Exercise prompt: Pick every line from the data that holds the word "youth".

(Beginning of Available data)

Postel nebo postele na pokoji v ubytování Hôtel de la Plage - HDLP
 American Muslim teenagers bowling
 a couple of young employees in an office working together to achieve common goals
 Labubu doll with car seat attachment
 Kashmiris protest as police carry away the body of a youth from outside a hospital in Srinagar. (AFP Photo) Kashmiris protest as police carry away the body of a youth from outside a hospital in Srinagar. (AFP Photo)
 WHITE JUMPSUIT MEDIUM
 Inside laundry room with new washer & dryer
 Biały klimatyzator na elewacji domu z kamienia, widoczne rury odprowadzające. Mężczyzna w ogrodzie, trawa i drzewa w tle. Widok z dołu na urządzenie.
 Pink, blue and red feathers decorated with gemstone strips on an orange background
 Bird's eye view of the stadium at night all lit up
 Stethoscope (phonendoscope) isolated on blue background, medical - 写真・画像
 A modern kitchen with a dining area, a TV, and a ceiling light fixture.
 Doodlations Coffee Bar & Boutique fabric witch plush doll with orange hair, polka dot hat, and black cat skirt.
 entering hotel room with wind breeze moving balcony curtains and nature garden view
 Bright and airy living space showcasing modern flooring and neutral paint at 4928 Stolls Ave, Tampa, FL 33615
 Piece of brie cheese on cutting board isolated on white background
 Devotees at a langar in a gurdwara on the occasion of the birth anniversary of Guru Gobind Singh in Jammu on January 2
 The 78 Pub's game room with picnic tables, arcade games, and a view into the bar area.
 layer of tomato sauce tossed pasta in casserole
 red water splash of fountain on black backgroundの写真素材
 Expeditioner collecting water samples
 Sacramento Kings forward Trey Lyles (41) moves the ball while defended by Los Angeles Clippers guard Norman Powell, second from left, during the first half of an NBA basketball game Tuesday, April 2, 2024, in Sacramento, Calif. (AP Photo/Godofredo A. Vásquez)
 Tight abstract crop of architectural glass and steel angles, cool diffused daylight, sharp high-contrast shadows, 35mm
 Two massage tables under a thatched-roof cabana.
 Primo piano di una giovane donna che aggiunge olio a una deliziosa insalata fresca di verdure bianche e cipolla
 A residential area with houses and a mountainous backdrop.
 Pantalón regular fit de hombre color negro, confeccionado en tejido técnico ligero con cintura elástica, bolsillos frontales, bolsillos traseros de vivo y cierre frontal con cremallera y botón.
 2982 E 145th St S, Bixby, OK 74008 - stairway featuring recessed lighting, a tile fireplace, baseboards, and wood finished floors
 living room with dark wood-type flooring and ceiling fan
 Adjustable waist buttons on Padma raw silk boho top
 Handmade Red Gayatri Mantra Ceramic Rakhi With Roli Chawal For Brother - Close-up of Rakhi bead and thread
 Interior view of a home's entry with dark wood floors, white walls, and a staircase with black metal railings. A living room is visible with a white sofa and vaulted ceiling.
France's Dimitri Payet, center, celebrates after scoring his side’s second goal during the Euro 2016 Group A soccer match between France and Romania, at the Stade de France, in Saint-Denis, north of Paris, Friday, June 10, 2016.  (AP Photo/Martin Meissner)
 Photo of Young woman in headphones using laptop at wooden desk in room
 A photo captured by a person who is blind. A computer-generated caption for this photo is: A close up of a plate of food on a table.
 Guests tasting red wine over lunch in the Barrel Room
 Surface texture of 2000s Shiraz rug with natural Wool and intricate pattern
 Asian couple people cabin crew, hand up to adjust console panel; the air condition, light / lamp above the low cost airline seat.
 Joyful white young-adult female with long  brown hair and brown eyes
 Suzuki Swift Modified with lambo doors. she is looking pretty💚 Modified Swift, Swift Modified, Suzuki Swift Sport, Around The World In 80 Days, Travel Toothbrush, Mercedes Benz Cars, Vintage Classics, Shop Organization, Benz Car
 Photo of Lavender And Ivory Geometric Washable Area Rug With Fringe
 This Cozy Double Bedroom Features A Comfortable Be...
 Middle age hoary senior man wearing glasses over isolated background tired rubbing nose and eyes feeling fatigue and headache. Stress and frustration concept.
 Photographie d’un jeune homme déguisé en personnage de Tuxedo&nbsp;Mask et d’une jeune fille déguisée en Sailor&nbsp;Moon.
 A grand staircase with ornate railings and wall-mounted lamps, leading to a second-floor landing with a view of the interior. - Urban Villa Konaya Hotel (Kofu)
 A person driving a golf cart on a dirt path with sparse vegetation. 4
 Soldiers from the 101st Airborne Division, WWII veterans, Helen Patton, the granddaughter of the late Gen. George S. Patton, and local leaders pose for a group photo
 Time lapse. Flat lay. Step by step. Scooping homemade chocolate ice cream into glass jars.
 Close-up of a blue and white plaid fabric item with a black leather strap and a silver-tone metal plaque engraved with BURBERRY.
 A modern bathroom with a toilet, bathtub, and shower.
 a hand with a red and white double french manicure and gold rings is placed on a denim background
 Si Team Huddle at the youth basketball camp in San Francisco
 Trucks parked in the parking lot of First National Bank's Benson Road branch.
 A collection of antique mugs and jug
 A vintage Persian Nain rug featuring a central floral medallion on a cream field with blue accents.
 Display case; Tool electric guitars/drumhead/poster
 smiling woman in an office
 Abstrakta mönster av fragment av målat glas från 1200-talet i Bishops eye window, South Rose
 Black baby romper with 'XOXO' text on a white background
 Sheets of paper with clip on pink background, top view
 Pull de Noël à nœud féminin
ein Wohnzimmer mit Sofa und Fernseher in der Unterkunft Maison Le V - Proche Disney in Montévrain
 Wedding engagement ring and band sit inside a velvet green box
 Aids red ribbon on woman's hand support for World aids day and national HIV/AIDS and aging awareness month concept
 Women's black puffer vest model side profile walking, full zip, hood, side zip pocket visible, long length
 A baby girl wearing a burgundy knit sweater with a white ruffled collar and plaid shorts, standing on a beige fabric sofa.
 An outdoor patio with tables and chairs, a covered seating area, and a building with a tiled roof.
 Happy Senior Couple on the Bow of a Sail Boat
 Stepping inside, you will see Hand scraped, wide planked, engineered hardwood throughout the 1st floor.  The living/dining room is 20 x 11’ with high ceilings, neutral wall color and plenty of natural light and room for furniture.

(End of Available data)

Output below:
 Kashmiris protest as police carry away the body of a youth from outside a hospital in Srinagar. (AFP Photo) Kashmiris protest as police carry away the body of a youth from outside a hospital in Srinagar. (AFP Photo)
 Si Team Huddle at the youth basketball camp in San Francisco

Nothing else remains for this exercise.